Easter knelt down at the fire and warmed herself, rubbing her hands together. Then she picked up several blades of dried grass that Mariah had spread out to one side of the fireplace. She took a palmetto frond and started coiling it around the blades of grass.

Mariah had been teaching her how to coil the leaves and grasses, and she was about to make her first basket. Obi left the table and sat next to her so he could watch. “Don't tell me you weavin' basket too, Obi?” Daniel chuckled.

“No,” Obi said seriously. “I go weave me a boat.”

Ten

After old Ned got such a terrible beatin' for
prayin' for freedom, he slipped off and went to
de North to join de Union Army.

Mingo White, ex-slave
From
Voices from Slavery

October 1861
Everyone except Gabriel stared at him as if he were crazy. Mariah spoke first. “There a kind of root to make a tea to calm mad people. I lookin' for some of that root for you tomorrow, Obi.”

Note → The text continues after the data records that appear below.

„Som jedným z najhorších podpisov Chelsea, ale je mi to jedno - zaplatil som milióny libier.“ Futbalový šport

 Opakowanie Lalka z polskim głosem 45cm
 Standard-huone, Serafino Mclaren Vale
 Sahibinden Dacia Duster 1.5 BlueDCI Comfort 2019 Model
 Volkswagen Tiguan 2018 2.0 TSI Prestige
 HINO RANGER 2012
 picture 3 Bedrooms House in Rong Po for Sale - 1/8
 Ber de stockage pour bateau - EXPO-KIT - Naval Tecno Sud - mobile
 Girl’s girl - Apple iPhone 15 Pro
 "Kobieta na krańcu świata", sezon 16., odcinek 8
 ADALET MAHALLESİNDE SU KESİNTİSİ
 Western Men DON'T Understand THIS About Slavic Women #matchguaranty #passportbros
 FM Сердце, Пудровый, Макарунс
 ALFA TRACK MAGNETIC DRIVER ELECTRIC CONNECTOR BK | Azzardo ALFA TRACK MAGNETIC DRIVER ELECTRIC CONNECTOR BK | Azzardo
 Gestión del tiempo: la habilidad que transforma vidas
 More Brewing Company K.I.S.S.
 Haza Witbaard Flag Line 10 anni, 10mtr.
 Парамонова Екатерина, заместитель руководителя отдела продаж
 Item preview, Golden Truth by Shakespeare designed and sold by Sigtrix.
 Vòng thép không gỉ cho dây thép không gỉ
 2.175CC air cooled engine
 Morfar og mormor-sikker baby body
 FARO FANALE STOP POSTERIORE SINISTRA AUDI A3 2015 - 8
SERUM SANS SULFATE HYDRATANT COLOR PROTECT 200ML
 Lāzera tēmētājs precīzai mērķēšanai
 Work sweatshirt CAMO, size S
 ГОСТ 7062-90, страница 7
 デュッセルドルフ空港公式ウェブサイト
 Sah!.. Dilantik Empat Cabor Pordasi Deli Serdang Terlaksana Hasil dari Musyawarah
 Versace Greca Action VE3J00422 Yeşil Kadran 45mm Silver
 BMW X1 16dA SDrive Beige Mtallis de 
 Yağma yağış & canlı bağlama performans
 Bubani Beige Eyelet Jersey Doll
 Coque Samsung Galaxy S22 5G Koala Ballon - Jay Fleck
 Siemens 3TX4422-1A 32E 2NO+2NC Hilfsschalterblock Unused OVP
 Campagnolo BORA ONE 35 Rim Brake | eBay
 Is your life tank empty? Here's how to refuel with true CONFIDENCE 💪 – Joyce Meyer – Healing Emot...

Obi stood up. “Gabriel, what you think the length an' width should be to hold four or five people?”

“Don't put me an' Gabriel in them numbers,” Mariah said as she joined Easter by the fire.

Daniel, laughing, stretched across the bench. “Lord have mercy. We goin' to ride a basket to freedom.”

Gabriel thought a moment. “You could make a boat out of the grasses. Make one the length an' breadth of a big cabin—not a shack like this. Like so—” He strode from the fireplace to the door. “Twelve paces.” Then he pointed from the bed to the other side of the room. “Now if this shack stretch about eight more steps, that give twenty paces. That be just right for a boat to get you 'cross the
river. If you want to go 'cross the ocean, now that a different thing.”

Mariah peered up at her husband. “You as fool as the boy is,” she said.

“My father a African man. He tell me about boats made from reeds,” Gabriel said.

Daniel got off the bench and fingered the rug on the floor. “You know, this be strong.”

Obi turned to Daniel. “We make it in the cove where the grass tall,” he said.